(Material for the task)

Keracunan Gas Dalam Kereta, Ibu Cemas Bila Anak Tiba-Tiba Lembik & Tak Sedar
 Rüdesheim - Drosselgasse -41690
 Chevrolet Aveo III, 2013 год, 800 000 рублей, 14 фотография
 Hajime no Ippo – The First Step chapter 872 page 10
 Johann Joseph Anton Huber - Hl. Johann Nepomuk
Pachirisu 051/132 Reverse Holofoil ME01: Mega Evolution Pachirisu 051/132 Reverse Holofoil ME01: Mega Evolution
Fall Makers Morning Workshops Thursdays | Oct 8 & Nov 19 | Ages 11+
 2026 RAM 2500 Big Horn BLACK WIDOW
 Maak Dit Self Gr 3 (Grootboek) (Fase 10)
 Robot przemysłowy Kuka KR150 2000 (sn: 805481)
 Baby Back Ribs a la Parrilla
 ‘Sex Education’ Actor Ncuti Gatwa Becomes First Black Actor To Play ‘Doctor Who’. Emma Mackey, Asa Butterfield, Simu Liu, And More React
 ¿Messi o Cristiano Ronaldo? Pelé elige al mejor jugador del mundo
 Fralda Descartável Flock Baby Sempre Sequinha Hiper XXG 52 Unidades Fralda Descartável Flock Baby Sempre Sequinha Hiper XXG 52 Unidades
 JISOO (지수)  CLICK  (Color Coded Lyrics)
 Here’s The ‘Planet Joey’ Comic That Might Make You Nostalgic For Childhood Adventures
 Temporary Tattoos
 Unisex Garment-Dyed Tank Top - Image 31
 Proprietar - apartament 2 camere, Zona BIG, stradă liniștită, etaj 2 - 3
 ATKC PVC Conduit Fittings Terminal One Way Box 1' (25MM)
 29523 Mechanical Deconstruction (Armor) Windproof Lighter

(End Material for the task)

Task requirements: Answer with the number alone after tallying the lines of the entries above that contain the word "Baby".

Output below: 2